I’d probably not have led the review with relatively minor complaints if the C40 was more engaging to drive. It’s got the typical EV quickness from jump – as repetitive as it might make reviews, I love how almost all EVs offer instantaneous torque – but I was let down by artificial steering feel and handling that felt a tad too ponderous for a car of this size. That’s a relative term, to be sure – the C40 does have some sprightliness. Just not quite enough. You get a sense of sport on initial turn-in, but the car could be even livelier. Again, the lack of connection from the steering wheel to the tire could be at issue here.
Handling might be a bit of a letdown, but the car’s ride is generally good, though a bit too stiff at times, especially when encountering the broken pavement that’s so common in my home city. The overall ride/handling/acceleration package isn’t bad – I don’t want to lead you astray, dear reader, and come across as too harsh – so much as that it doesn’t live up to its initial promise. You can have some fun here, but I feel like the C40 could do more with a little extra effort on Volvo’s part.
The dual electric motors (front and rear) that provide the car with all-wheel drive get their juice from a 78 kWh lithium-ion battery, and the system’s output is 402 horsepower and 486 lb-ft of torque. Again, this amount of power available on instant demand means the car’s ability to get moving from a dead stop is impressive.
Like many EVs, the C40 recharge offers one-pedal driving.
Volvo is a brand with offerings ranging from entry-luxury to full-scale luxury, and the C40 Recharge is supposed to be a reasonably-priced electric upscale urban runabout. Herein lies the true problem. The car’s driving dynamics might a bit of a letdown, but the handling is still pretty decent. There’s power on tap for acceleration. The quirks I whined about up top won’t annoy everyone. But the price tag is a bit off-putting.
The base price for my test unit was $58K. That price includes features such as the 12.3-inch gauge screen, 9-inch infotainment screen, Google services, climate pre-conditioning, Bluetooth, USB ports, wireless phone charging, LED headlights, LED fog lights, blind-spot information system with steer assist, cross-traffic alert with automatic braking for collision avoidance, collision mitigation, lane-departure alert, lane-keep assist, a fixed panoramic glass roof, heated front seats, and dual-zone climate control.

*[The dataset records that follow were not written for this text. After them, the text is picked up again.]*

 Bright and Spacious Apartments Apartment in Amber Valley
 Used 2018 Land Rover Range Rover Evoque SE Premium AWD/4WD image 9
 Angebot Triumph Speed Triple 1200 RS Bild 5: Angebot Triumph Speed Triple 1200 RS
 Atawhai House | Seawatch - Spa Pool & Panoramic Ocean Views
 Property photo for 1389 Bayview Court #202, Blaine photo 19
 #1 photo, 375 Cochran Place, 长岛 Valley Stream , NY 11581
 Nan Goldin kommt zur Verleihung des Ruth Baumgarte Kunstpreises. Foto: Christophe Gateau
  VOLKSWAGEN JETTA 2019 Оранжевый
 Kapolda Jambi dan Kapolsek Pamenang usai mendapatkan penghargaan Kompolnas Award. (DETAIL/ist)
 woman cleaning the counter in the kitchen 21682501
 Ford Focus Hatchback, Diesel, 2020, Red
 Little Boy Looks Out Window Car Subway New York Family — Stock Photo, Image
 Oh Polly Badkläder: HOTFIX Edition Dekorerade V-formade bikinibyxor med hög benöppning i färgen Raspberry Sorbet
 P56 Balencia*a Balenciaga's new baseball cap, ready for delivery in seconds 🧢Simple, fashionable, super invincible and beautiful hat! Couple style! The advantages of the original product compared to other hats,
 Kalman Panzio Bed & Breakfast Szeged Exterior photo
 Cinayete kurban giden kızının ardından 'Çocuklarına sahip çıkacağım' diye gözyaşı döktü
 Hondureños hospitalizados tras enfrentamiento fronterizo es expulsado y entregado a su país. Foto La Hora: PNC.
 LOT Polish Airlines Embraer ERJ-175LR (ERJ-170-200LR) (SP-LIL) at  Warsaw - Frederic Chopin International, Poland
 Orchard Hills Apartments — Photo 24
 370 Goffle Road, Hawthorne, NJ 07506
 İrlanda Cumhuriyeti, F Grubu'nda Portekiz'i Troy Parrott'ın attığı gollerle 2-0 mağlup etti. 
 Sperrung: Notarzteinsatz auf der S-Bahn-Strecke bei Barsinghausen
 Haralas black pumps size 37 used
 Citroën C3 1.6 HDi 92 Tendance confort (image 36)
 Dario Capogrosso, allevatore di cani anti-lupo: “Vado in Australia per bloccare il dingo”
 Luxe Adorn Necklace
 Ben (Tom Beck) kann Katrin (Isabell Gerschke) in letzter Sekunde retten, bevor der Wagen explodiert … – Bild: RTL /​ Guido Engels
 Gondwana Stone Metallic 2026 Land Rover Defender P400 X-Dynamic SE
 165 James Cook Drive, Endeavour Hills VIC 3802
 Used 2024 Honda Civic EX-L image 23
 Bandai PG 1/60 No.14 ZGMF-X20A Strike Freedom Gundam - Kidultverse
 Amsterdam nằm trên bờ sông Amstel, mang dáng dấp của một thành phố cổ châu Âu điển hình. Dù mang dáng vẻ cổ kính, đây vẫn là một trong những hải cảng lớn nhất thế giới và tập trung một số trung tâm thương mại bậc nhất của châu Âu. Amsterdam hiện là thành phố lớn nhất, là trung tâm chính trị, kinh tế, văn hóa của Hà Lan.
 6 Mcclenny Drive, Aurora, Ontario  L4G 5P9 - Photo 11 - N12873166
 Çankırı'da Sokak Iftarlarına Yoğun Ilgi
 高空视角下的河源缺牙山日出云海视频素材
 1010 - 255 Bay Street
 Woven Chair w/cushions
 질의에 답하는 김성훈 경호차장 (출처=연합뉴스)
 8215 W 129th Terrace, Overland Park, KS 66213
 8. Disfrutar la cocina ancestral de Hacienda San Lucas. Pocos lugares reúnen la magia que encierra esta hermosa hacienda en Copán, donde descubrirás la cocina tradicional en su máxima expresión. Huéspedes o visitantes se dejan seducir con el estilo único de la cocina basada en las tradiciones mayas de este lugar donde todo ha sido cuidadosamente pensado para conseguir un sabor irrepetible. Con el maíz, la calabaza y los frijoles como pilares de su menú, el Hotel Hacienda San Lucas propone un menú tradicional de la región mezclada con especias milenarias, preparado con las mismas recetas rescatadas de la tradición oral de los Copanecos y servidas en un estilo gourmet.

That base price included the Ultimate package, which included 20-inch wheels, heated rear seats, the aforementioned keyless drive, adaptive cruise control, a power liftgate, Harmon Kardon audio, and a heated steering wheel. So, with the $695 metallic paint and the $1,095 destination fee, the total came to $60,540.
Perhaps that’s the biggest letdown here – the C40 Recharge could be a fun, relatively affordable way to introduce buyers to EVs in general and the Volvo brand specifically. I understand that the build costs of EVs are high now and will drop as the technology spreads, but for now, it’s unfortunate that getting the ultimate recharge will cost so much.